- **Task description**
Pictures should be omitted; restate word for word the lines from the one holding "Elysian Villa 2" through the last line of the entries below.

━━━ Dataset content ━━━

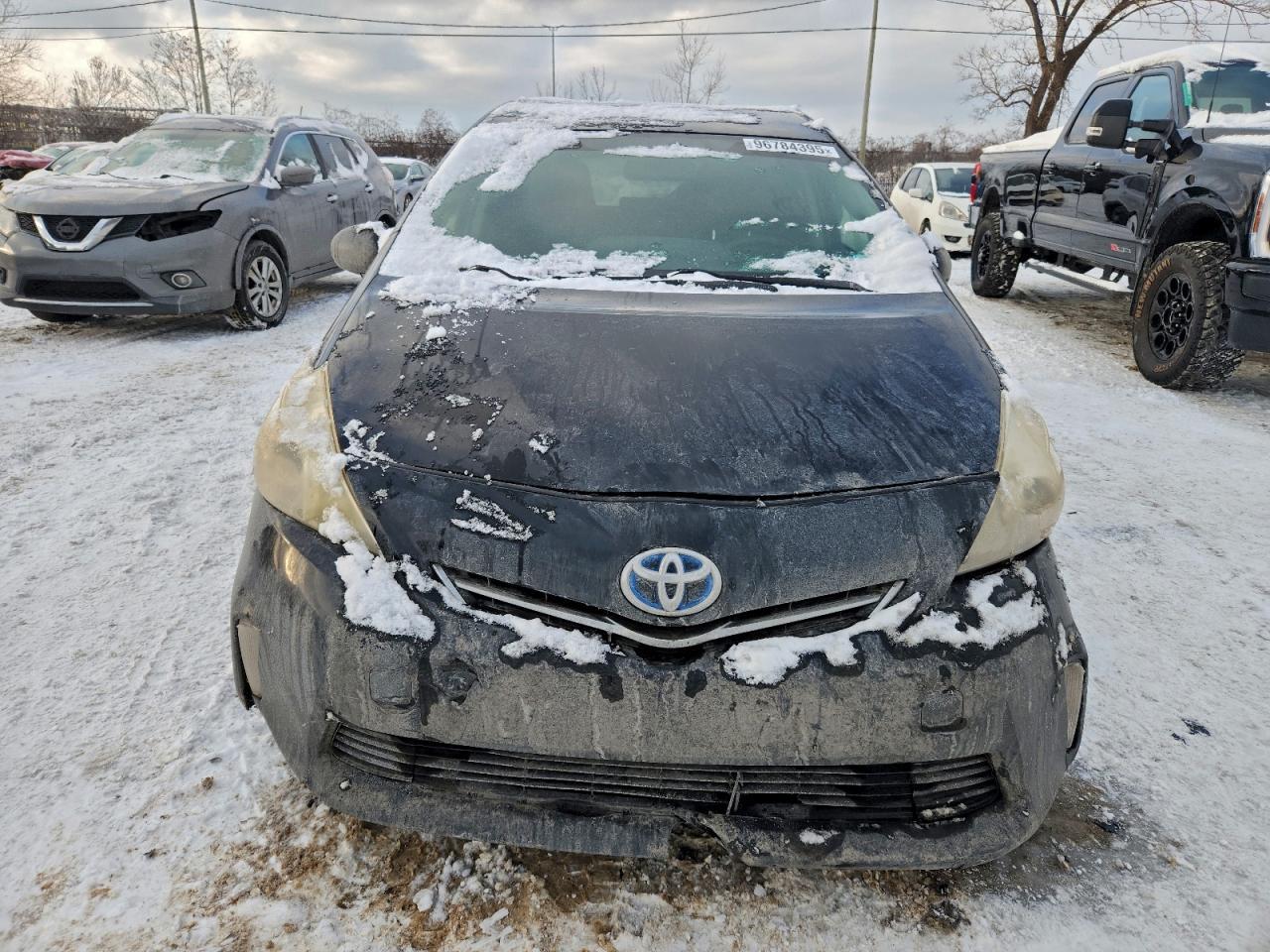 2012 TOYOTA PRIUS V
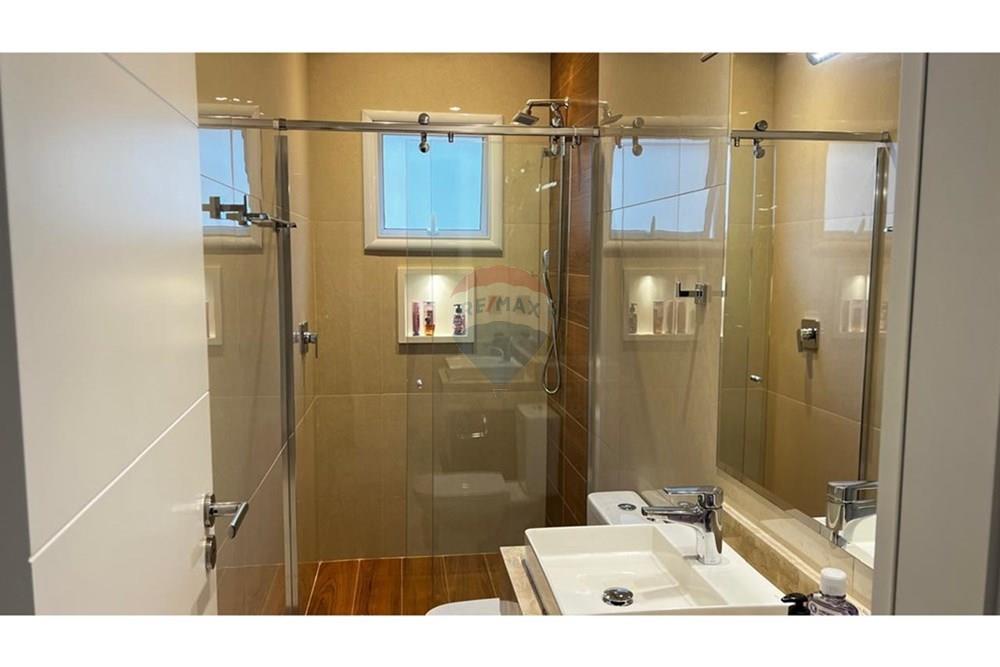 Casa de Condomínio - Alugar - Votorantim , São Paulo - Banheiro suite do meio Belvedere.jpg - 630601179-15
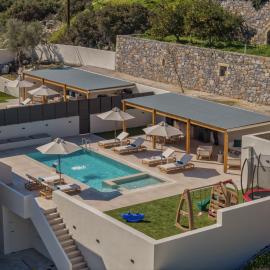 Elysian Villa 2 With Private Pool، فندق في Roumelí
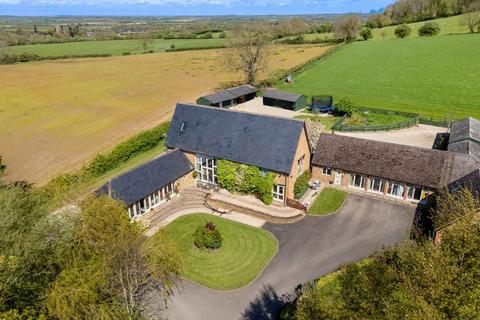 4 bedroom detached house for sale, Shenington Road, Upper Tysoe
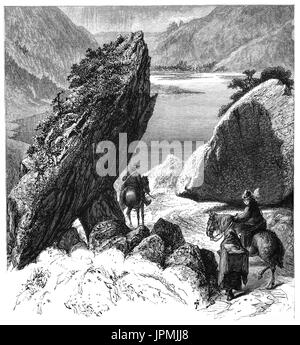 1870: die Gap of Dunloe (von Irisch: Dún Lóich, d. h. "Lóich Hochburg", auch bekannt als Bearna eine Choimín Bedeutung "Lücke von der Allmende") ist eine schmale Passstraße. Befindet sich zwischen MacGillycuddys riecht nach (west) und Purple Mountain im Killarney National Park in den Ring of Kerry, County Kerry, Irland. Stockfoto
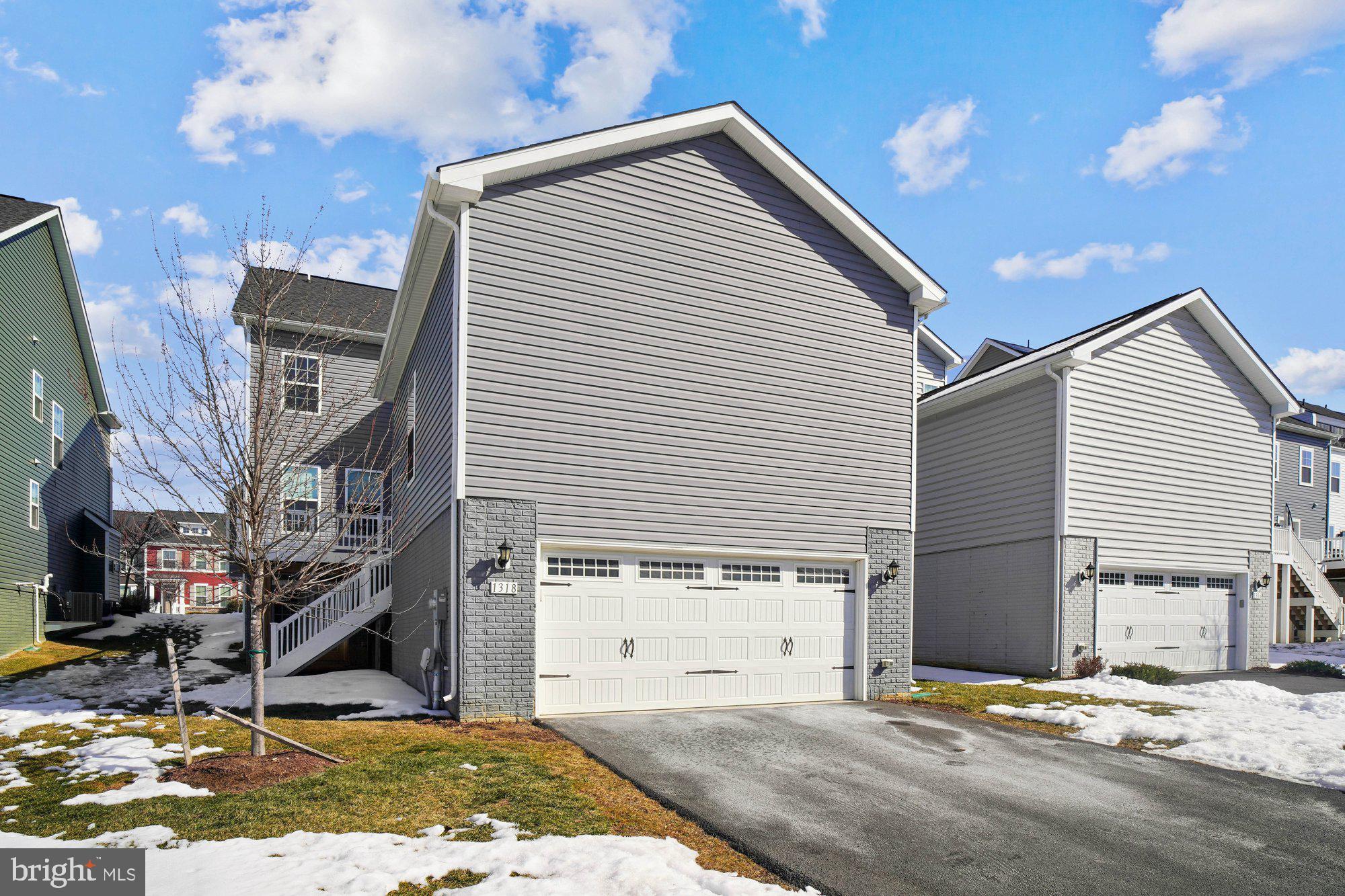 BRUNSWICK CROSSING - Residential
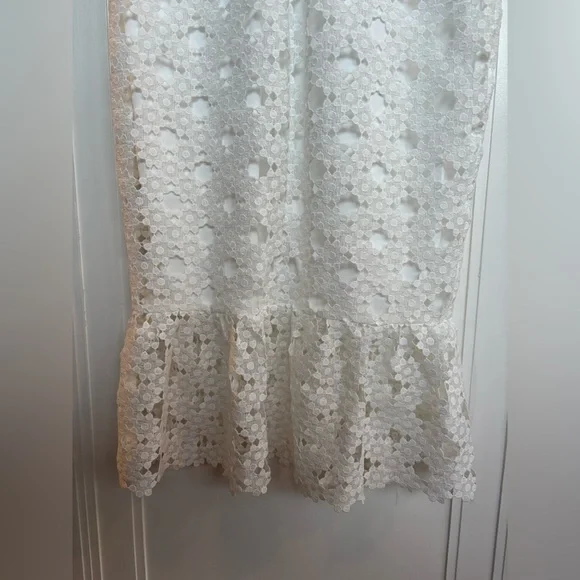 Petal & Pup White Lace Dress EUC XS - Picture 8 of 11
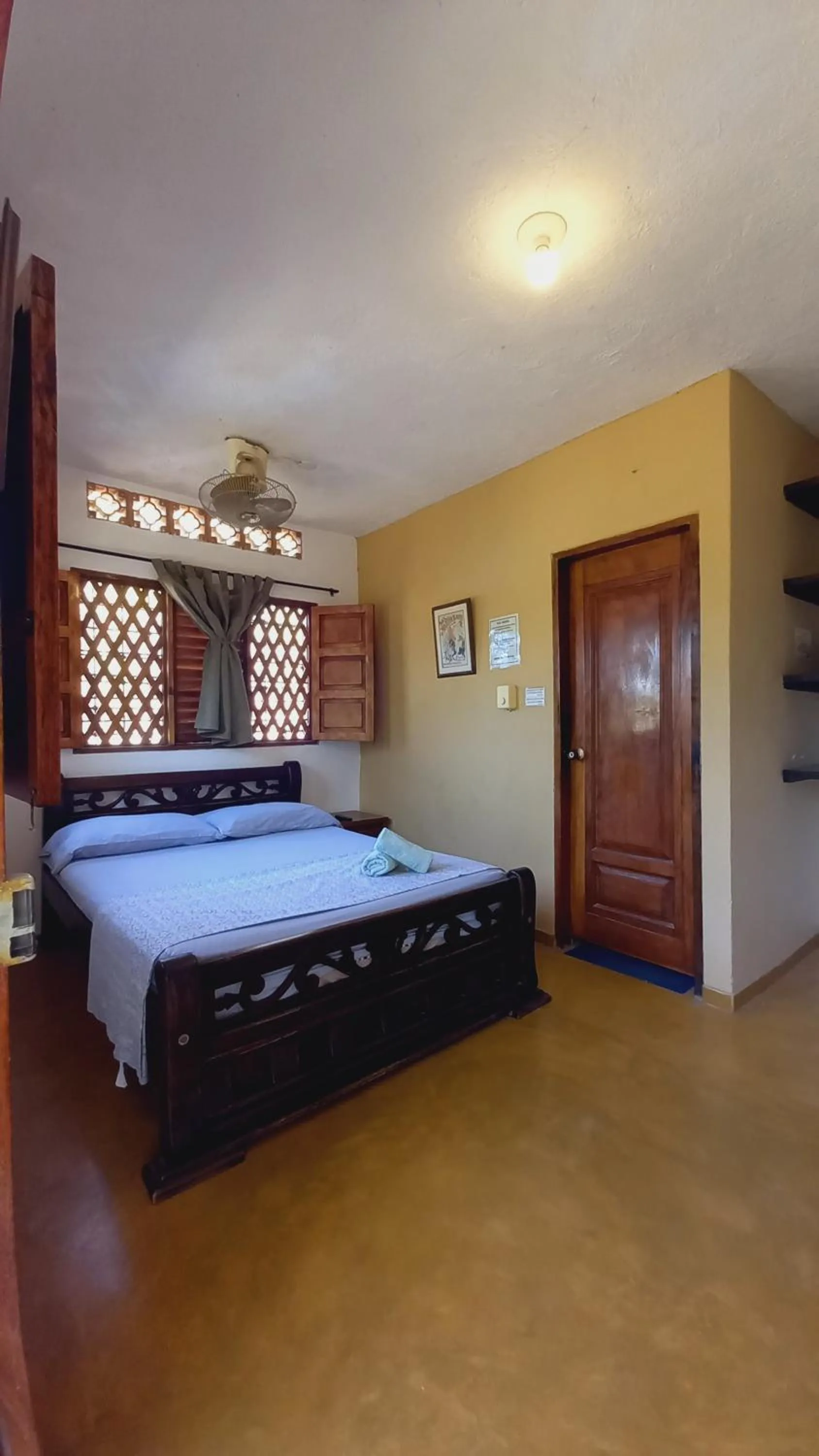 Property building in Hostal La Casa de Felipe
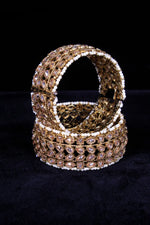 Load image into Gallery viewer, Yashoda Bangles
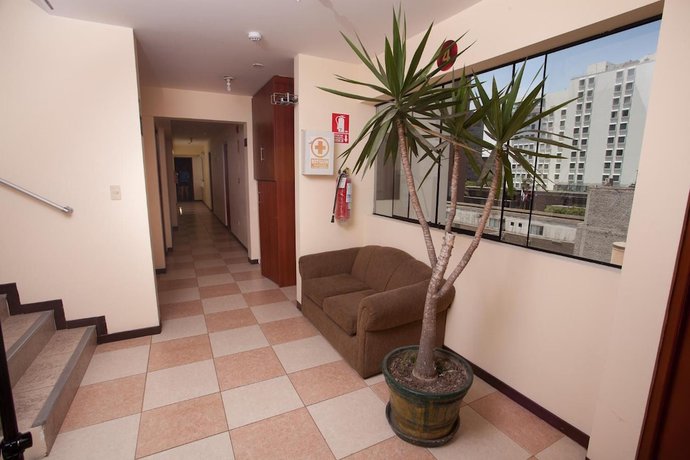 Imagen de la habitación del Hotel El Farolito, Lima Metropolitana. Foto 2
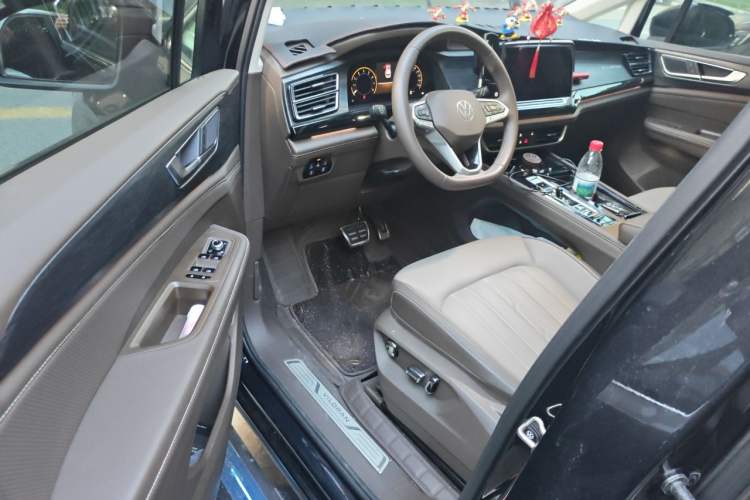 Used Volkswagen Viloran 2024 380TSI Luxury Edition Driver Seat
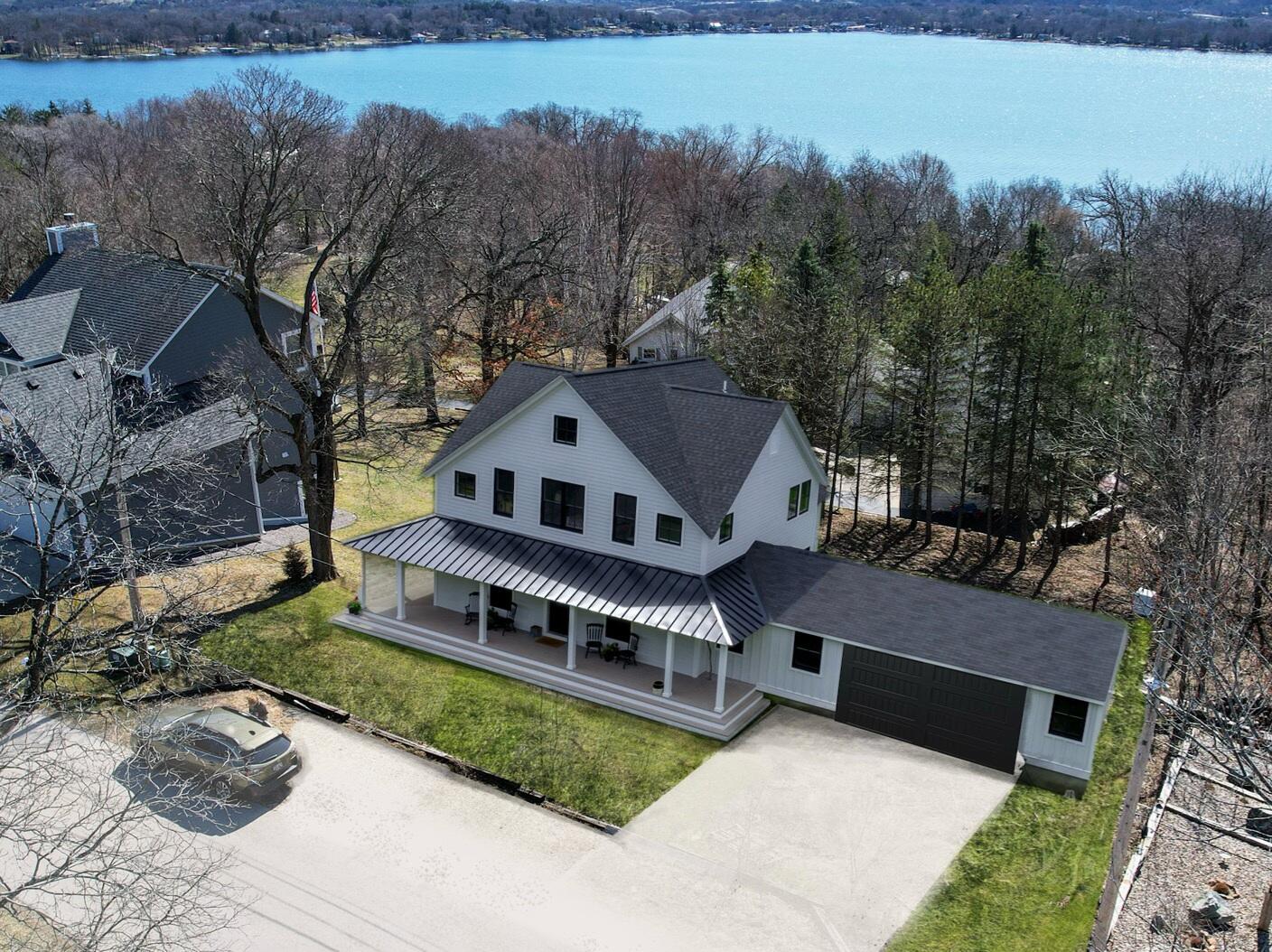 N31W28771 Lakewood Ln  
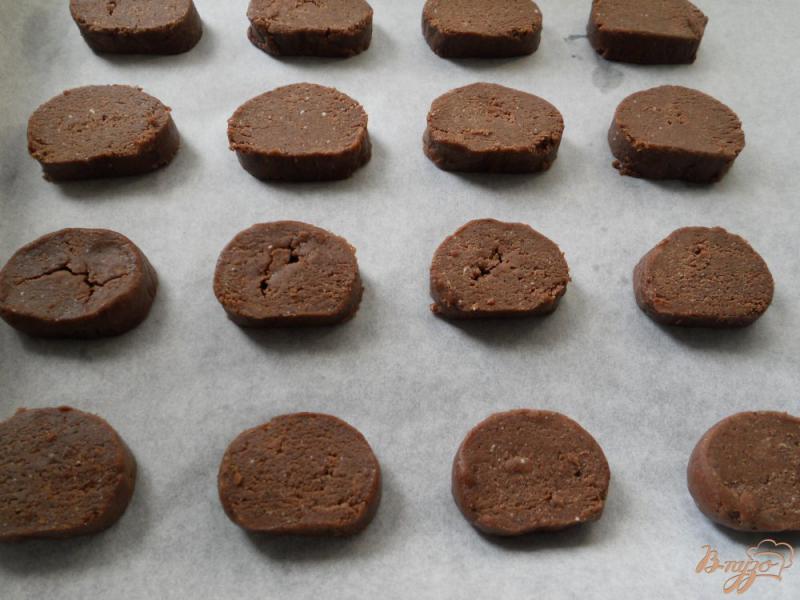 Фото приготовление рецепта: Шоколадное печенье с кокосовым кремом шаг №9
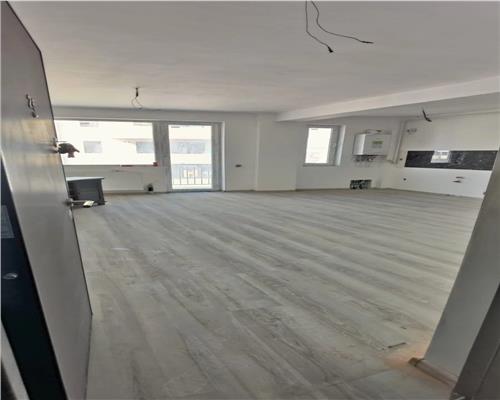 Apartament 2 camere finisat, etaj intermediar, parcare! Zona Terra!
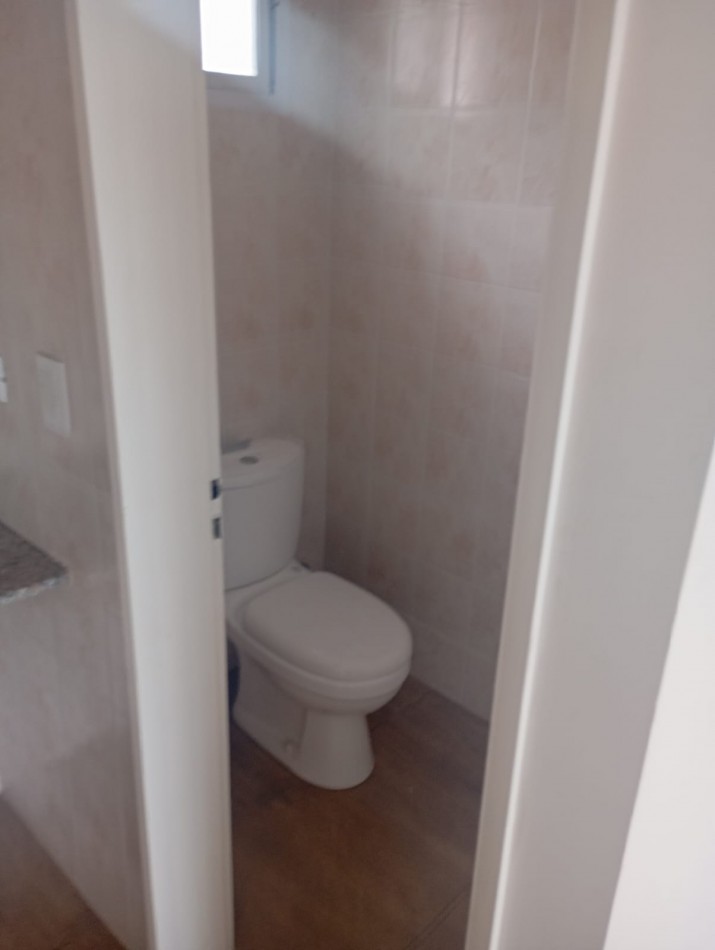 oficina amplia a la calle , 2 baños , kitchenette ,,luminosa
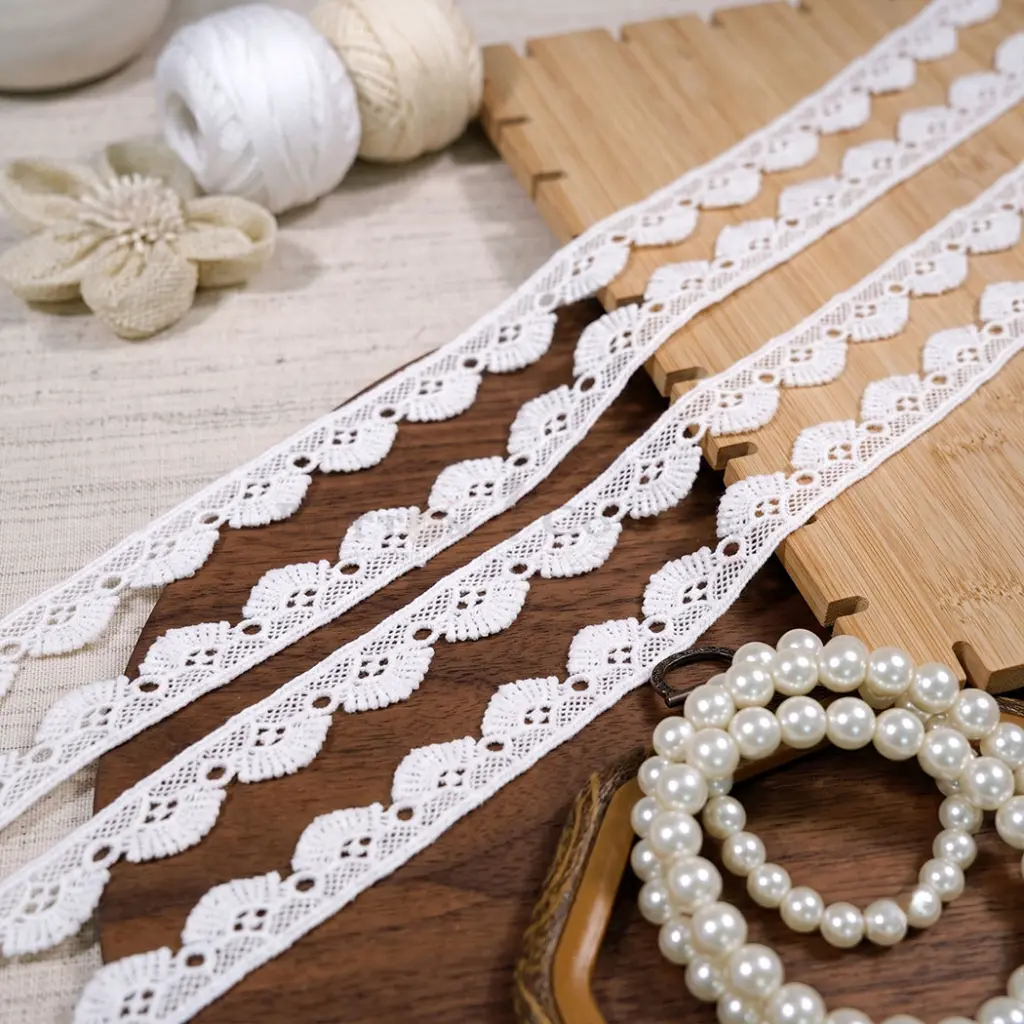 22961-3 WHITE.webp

━━━

- **Completed task**
 Elysian Villa 2 With Private Pool، فندق في Roumelí
 4 bedroom detached house for sale, Shenington Road, Upper Tysoe
 1870: die Gap of Dunloe (von Irisch: Dún Lóich, d. h. "Lóich Hochburg", auch bekannt als Bearna eine Choimín Bedeutung "Lücke von der Allmende") ist eine schmale Passstraße. Befindet sich zwischen MacGillycuddys riecht nach (west) und Purple Mountain im Killarney National Park in den Ring of Kerry, County Kerry, Irland. Stockfoto
 BRUNSWICK CROSSING - Residential
 Petal & Pup White Lace Dress EUC XS - Picture 8 of 11
 Property building in Hostal La Casa de Felipe
 Load image into Gallery viewer, Yashoda Bangles
 Imagen de la habitación del Hotel El Farolito, Lima Metropolitana. Foto 2
 Used Volkswagen Viloran 2024 380TSI Luxury Edition Driver Seat
 N31W28771 Lakewood Ln  
 Фото приготовление рецепта: Шоколадное печенье с кокосовым кремом шаг №9
 Apartament 2 camere finisat, etaj intermediar, parcare! Zona Terra!
 oficina amplia a la calle , 2 baños , kitchenette ,,luminosa
 22961-3 WHITE.webp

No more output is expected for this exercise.